**INFORMATION**.

· · · ·

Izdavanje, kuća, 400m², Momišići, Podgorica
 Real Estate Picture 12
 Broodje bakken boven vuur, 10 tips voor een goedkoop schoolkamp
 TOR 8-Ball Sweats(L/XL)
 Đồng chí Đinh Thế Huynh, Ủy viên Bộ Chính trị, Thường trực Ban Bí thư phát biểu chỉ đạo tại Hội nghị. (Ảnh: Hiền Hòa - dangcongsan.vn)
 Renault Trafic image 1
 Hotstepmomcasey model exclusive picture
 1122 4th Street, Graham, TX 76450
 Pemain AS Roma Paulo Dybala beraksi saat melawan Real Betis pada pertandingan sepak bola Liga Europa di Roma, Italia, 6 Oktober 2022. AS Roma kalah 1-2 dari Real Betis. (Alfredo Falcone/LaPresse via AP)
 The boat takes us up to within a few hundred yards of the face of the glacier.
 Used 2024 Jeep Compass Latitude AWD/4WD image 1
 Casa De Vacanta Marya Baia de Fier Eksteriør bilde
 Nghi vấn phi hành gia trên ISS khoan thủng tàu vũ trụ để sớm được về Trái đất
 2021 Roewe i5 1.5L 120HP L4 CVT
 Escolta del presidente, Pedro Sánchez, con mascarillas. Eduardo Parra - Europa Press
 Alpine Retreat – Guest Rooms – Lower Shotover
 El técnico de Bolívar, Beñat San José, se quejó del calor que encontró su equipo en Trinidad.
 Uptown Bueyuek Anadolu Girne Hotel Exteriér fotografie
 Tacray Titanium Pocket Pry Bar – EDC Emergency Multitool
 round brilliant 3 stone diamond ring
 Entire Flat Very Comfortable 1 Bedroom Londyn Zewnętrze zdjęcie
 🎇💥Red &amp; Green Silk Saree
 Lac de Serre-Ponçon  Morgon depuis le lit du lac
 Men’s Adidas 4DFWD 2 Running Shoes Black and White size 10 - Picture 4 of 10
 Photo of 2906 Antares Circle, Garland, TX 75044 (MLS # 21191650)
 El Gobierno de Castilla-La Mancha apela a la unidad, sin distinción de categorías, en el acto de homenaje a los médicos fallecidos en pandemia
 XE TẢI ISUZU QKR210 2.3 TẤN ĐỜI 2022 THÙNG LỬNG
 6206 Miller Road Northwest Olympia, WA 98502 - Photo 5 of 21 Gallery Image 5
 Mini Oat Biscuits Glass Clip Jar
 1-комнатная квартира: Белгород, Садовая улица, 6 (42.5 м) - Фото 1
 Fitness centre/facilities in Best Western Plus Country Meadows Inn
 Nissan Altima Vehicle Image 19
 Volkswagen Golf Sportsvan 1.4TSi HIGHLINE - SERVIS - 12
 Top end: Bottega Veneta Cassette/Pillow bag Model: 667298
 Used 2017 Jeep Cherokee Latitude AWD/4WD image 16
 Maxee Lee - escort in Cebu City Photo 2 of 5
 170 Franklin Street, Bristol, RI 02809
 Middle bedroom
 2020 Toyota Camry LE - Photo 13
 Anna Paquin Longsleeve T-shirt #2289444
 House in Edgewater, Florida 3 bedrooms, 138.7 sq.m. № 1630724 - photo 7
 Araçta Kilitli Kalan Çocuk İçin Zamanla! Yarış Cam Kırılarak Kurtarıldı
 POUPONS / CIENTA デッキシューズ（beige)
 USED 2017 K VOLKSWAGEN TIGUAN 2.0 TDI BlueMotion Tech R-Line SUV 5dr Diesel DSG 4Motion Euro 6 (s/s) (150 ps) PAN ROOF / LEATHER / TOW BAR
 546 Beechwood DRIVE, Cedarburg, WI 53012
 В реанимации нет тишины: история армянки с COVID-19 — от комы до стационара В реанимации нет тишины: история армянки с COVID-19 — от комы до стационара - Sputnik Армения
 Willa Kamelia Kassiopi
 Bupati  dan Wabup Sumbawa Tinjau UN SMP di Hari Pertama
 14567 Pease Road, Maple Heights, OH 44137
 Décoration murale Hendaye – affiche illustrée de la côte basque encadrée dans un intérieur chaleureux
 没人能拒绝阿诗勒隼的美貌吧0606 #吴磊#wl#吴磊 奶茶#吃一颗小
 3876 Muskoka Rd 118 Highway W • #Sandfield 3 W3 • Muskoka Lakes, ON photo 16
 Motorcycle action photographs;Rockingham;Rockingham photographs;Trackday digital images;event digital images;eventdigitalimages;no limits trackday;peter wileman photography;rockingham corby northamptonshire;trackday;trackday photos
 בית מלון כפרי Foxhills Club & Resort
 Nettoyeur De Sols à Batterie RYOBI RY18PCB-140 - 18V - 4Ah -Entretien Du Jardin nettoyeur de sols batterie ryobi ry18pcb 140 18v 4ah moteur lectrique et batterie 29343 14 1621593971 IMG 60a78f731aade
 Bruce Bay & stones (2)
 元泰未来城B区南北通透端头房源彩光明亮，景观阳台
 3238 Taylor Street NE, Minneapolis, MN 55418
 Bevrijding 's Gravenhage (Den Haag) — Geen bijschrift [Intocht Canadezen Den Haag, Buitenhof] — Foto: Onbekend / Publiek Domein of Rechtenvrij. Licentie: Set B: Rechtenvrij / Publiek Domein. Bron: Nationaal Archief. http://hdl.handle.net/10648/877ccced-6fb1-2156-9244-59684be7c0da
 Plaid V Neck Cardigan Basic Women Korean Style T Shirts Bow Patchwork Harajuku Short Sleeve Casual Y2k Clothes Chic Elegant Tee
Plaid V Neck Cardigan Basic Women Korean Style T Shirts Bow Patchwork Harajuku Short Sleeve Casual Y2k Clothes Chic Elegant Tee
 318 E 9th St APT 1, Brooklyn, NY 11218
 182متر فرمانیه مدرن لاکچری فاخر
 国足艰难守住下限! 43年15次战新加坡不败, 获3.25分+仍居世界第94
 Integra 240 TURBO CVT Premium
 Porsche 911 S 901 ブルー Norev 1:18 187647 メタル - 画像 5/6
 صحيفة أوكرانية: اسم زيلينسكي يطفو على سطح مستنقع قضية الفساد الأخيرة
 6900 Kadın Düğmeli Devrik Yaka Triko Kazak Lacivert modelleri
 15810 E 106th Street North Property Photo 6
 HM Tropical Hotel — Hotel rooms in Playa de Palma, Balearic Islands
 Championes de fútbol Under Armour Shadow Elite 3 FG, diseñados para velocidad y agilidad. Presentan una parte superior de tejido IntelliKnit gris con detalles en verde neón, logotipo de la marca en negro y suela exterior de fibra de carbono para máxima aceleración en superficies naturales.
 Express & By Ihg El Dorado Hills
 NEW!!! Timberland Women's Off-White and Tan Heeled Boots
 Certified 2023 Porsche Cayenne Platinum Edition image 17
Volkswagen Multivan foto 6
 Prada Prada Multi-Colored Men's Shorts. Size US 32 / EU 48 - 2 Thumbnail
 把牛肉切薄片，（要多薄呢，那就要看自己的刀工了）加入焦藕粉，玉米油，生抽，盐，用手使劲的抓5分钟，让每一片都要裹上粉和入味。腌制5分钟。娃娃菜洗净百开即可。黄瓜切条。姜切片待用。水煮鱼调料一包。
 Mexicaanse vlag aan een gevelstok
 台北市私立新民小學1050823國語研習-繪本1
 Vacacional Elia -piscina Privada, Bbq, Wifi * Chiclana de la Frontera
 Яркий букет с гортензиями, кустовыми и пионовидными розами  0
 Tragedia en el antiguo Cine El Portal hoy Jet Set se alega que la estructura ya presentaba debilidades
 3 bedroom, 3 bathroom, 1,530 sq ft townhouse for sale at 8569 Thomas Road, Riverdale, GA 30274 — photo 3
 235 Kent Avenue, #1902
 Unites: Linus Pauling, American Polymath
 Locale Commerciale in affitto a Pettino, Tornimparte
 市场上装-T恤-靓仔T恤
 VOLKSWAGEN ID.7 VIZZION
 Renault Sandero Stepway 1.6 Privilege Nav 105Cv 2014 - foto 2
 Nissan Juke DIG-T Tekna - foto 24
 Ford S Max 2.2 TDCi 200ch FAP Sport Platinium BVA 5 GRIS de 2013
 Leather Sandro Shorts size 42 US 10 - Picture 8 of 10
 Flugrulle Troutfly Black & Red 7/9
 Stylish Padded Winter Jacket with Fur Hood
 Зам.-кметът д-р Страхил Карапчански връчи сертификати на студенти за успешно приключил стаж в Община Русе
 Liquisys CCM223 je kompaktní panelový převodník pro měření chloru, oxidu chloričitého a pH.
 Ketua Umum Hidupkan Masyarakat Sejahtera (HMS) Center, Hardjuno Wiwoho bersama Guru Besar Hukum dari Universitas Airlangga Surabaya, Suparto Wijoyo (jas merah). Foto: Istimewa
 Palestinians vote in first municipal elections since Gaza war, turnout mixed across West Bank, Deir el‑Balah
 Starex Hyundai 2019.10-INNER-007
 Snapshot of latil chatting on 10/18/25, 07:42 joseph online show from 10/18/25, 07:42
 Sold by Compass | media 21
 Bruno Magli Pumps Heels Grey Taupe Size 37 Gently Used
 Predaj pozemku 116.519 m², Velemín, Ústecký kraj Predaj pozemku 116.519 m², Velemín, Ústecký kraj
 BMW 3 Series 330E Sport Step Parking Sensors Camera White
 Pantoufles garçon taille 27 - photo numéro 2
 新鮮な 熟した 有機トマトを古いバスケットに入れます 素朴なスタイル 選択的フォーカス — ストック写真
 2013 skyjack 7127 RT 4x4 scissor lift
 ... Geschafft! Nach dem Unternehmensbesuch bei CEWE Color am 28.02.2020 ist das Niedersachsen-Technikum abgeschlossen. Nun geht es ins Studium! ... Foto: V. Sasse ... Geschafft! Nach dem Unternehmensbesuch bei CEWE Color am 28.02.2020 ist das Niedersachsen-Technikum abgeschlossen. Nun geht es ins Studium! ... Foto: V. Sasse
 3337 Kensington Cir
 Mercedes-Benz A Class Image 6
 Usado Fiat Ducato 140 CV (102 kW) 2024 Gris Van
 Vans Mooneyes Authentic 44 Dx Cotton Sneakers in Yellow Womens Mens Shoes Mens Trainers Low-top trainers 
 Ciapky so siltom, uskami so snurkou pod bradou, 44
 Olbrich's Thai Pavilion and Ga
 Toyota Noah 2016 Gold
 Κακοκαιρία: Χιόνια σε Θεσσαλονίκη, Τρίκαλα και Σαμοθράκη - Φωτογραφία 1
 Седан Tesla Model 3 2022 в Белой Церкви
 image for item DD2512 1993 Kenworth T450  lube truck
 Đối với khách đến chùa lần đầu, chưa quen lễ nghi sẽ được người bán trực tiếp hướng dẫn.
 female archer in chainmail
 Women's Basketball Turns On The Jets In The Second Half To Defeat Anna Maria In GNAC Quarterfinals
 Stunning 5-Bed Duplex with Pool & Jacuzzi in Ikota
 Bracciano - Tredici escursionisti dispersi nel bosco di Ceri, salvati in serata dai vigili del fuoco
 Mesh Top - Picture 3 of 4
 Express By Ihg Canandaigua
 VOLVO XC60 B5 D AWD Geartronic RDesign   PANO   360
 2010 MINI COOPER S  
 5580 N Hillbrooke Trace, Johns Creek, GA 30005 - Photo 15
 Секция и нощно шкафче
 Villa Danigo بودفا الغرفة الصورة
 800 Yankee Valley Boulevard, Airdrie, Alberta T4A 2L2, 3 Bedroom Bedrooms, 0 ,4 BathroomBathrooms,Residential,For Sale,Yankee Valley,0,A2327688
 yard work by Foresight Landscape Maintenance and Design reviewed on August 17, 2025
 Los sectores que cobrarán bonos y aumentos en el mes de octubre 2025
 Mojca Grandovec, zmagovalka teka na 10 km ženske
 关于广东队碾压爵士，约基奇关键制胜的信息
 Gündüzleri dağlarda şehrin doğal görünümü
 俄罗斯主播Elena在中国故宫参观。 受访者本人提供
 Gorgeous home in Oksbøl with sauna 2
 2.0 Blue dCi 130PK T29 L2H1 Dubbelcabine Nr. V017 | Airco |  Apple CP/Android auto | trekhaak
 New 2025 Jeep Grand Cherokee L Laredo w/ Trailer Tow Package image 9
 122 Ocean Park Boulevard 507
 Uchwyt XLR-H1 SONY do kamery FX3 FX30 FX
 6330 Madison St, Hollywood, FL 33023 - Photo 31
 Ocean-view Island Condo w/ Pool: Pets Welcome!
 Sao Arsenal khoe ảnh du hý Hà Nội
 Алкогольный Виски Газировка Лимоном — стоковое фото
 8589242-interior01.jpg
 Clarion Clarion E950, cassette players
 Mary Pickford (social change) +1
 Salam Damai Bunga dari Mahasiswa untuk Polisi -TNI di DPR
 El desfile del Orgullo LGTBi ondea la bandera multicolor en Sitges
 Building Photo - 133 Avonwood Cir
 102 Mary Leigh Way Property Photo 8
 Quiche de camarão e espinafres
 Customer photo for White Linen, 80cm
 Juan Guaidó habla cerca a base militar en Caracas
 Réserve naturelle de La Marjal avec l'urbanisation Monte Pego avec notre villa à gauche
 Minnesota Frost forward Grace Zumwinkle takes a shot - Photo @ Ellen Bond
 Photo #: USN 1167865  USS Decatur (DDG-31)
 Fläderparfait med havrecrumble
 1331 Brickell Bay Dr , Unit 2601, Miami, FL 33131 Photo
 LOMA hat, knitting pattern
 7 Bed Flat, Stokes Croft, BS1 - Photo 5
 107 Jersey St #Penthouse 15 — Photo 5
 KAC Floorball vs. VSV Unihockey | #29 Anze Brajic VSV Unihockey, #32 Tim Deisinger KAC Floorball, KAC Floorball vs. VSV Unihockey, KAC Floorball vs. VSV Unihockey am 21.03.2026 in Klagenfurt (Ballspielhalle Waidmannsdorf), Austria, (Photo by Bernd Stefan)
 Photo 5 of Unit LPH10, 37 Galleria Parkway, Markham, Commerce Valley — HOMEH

· · · ·

**EXERCISE**. All lines above from the one containing "2.0 Blue dCi" to the one containing "6330 Madison St, Hollywood, FL" must be repeated exactly, both lines included, and no others.

**RESULT OF THIS EXERCISE**.
 2.0 Blue dCi 130PK T29 L2H1 Dubbelcabine Nr. V017 | Airco |  Apple CP/Android auto | trekhaak
 New 2025 Jeep Grand Cherokee L Laredo w/ Trailer Tow Package image 9
 122 Ocean Park Boulevard 507
 Uchwyt XLR-H1 SONY do kamery FX3 FX30 FX
 6330 Madison St, Hollywood, FL 33023 - Photo 31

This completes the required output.